Tuesday, September 22, 2009

Steak

In simple way, the steak is the meat cut from a cow (or chicken, or fish) is then aged on by burning coal, the fuel on the flames, in the oven, or even fried.

Red meat, chicken breast and fish are often cut into steaks. Most steaks cut perpendicular to the muscle fiber, add meat taste more delicious.

Steak usually cooked by baking, though it can be fried or "broil".

Steak is generally derived from beef, cooked simply. In general, served with rice, potatoes, bread or pasta.

The process of cooking steak depends on the individual; faster cooking produces a more tender meat, and a longer cooking reduces the appearance of blood and also reduce the problem of the disease.

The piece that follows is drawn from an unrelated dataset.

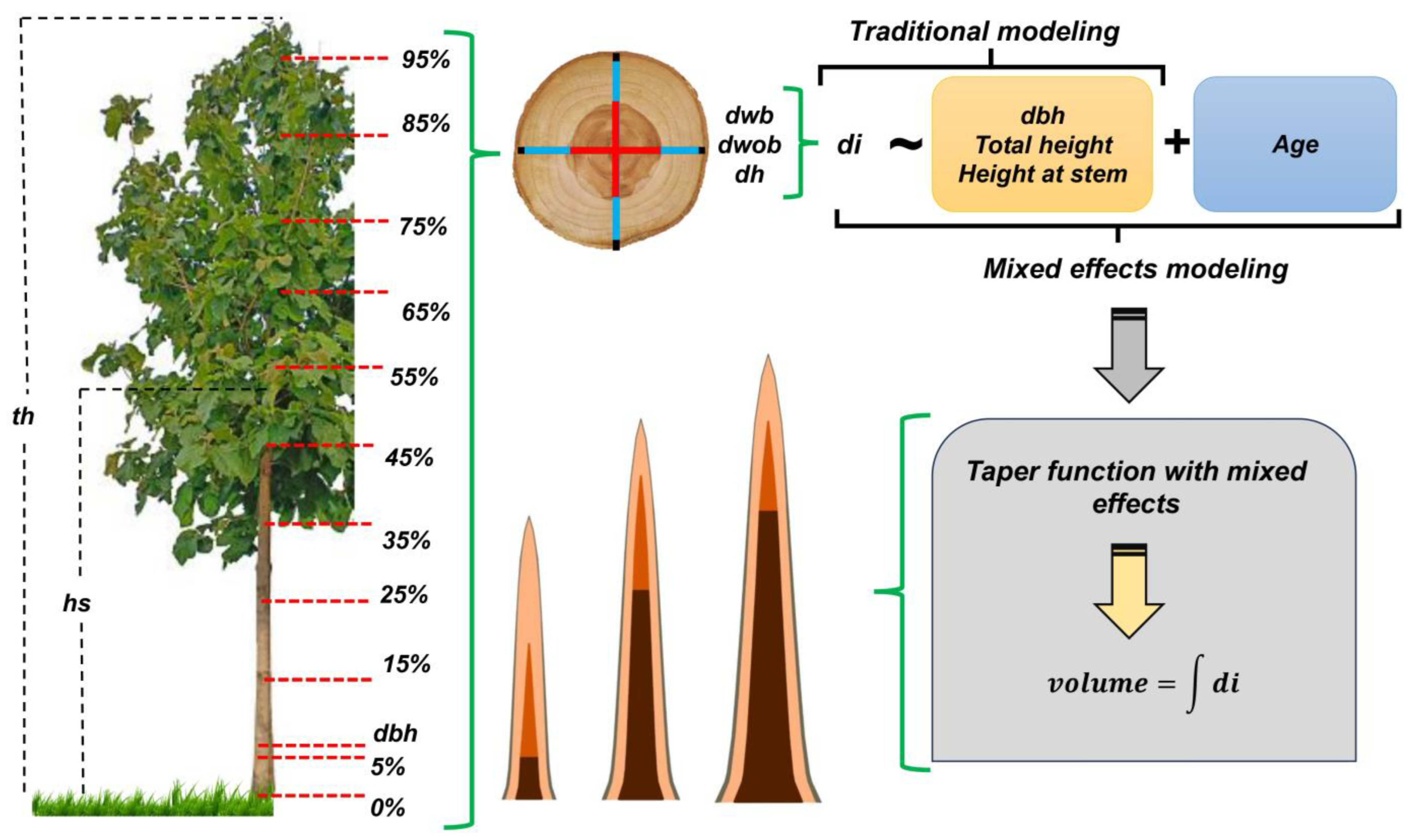 Forests 14 01962 g002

A number of methods have been developed to describe how their steak cooked. In order from raw to cooked: Raw - uncooked.

Steak not eaten or ordered in this form, except in special foods, like steak tartare.

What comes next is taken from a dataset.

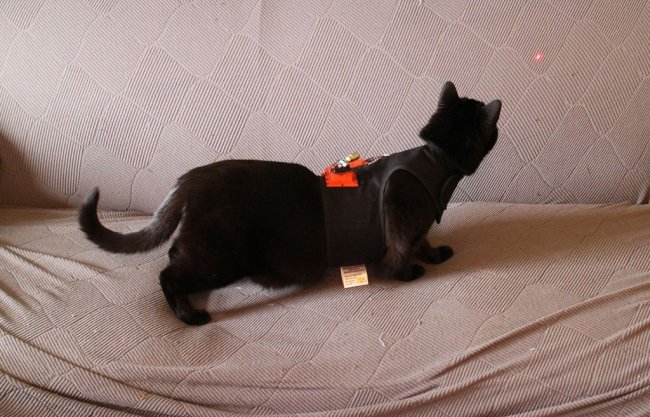 Лазерная указка - игрушка для кота или собаки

Steak is very rare - Cooked very quickly; exterior burned, but the inside is not cooked just warmed. Steak will be colored red on the inside, outside the gray-brown, and red middle part and a part between the outer and middle pink.

In general, we know several kinds of steak, and of some of these kinds, the most popular if we are talking about the steak, the Tenderloin, Sirloin and T-Bone Steak.